Image: Ian Vogler/Daily Mirror

On the international news beat, Kate Middleton and Prince William’s plane was forced to abort its landing after a terrifying electrical thunderstorm hit Pakistan.

The plane was returned to Lahore after it made two failed landings at Islamabad International Airport, after the “RAF Voyager circled the country’s capital for around an hour before heading back to its original take-off point 25 minutes away”.

According to the reports: “Lightning was also seen crashing around the right wing of the plane as it bumped and rolled around due to the serious turbulence, one eyewitness said.

“Prince William confirmed he and his wife Kate were fine following the ordeal.”

The aircraft was also carrying journalists and other members of royal staff who were left shaken by the incident.

One passenger said it was a “pretty serious storm”, describing the flight as a “rollercoaster”.

“It was pretty hairy at times,” another said.

“The plane was making large jerking movements as we tried to battle through the wind.

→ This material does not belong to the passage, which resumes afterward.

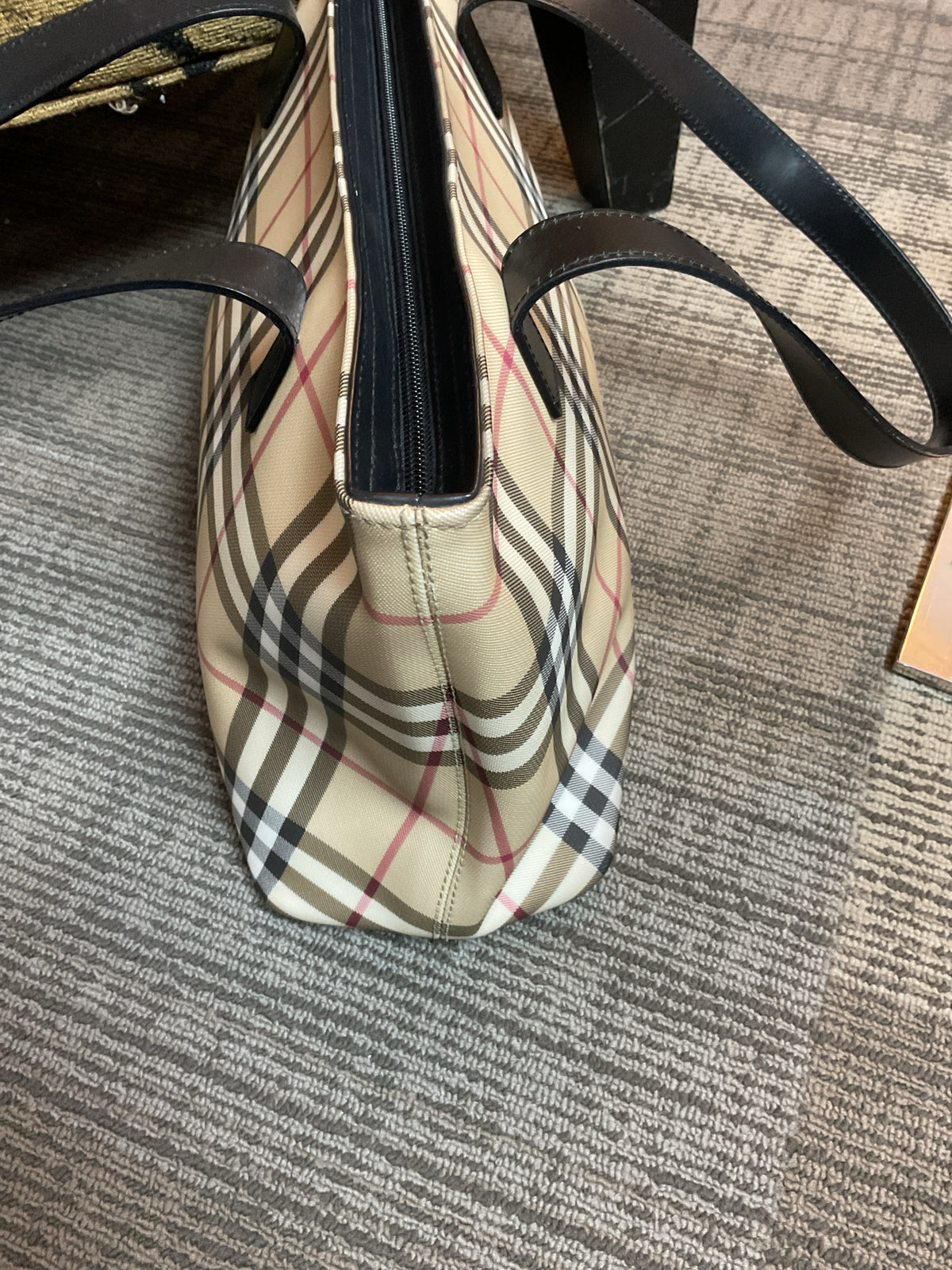 Burberry Purse Classic Nova Check Tote Bag with matching wallet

“It was a relief to land safely in Lahore.”

William asked travelling media if they were okay following heavy turbulence and joked: “I was flying!”

The RAF Voyager was vacated while it refuels at Lahore airport.

Prince William and Kate visit the Badshahi Mosque (Image: WireImage)

A senior civil aviation official in Lahore said the couple could try again to fly to Islamabad later on Thursday if weather permitted, or else they would stay in Lahore.

The Royal couple are on a five-day visit to Pakistan but are not being accompanied by their children.

The tour earlier today, included a visit to the Badshahi Mosque holy site in Lahore.

According to the Mirror: “William and Kate, who have donned traditional Pakistani dress by local designers during their trip, have highlighted education and the impact of climate change in the country.

“At a children’s home in Lahore and in her first public remarks of the tour, Kate said the couple were ‘moved and touched’ by their experiences in the country.

The Pakistani government hopes the couple’s four-day official visit will boost the country’s image as a tourist and business destination, after decades of sectarian violence and political unrest.”